Aos especialistas que intentam contra a nossa inteligência, o motivo do problema grego está de novo a ladainha da “farra fiscal”. Além de colocar aspas em determinados conceitos artificialmente criados, devemos demonstrar a veleidade que cerca esta pobre assertiva. O déficit público grego previsto para este ano é de 9,8% do PIB, menor – por exemplo – que o do Reino Unido (13,3%), que os dos EUA (10,7%) e Irlanda (12,2). O problema é bem mais de fundo. 
Um a integração moldada pela desregulamentação financeira pela via da imposição de um único modelo de gerenciamento econômico comum a todos os membros – sejam eles ricos ou pobres – só pode redundar na concentração da indústria em alguns países e aprofundamento da desindustrialização em outros como o Grécia, Espanha, Portugal e os ex-socialistas do Leste Europeu, notadamente a Hungria. O preço da não-autonomia em matéria de política macroeconômica foi doce veneno degustado para os referidos países. Num primeiro momento o processo de desindustrialização foi atenuado com a transferência de enormes fundos europeus voltados à construção de infraestrutura, empreendimentos imobiliários e no turismo redundando em fortes taxas de crescimento do PIB. Lado a lado e em decorrência desta expansão veio a formação de uma imensa bolha imobiliária e o financiamento destes países com a venda de títulos da dívida pública rubricada por altas taxas de juros. Além disso, a diminuição do peso da industria nesses países foi fator de completa perda de competitividade destas economias.  
Onde falta produção, sobra especulação. A crise financeira desnudou a fragilidade deste esquema de integração econômica baseada na anarquia da produção. Ataques especulativos foram inevitáveis e a insolvência grega é mais um capítulo do processo de financeirização onde a corda quebra do lado mais fraco. Não quebrou para o núcleo duro da UE (Alemanha e França) e sim na Grécia, Espanha, Portugal, Irlanda e nos antigos países socialistas do Leste Europeu. 

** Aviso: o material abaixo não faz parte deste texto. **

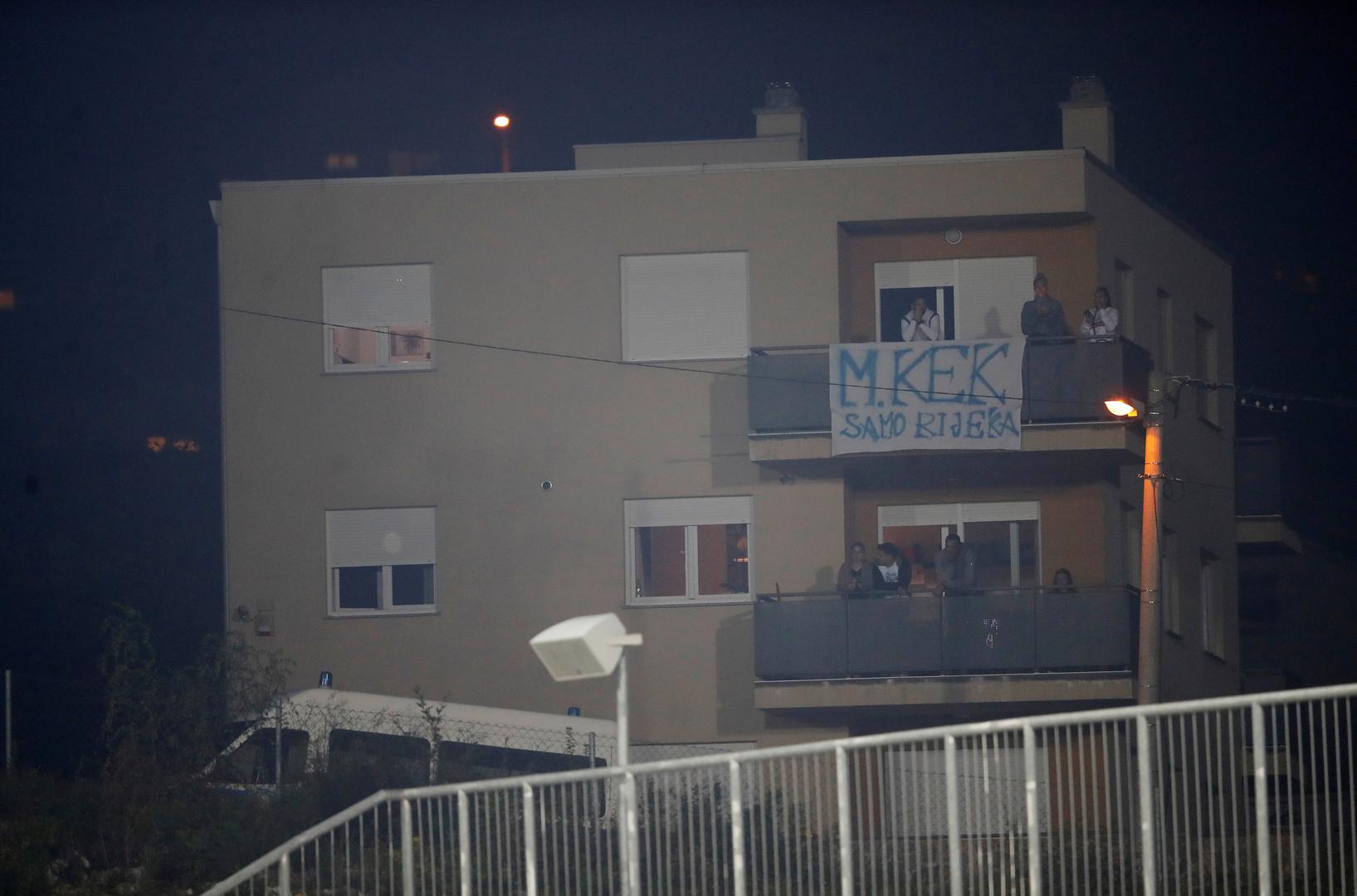 Utakmicu su pratili i hrvatski navijači s obližnjih balkona, a na jednom od njih osvanuo je i transparent: 'M. Kek, samo Rijeka'.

Ante a falta de autonomia para implementação de políticas anti-ciclicas centradas em necessárias desvalorizações cambiais, o que sobra são acordos leoninos, ataque aos direitos dos trabalhadores e regressão social. A ausência de soberania sobre a política monetária é a outra face da mesma moeda sintetizada em arrocho e sofrimento para grande maioria da população grega. Não é exagero afirmar que a derrocada grega é sinônimo da desmoralização da própria União Européia.  

Fica assim a lição para nós, preocupados com os rumos do processo de integração da América do Sul: que o crescimento do Brasil seja fator de impulso à processos de industrialização de nossos vizinhos. Não o contrário.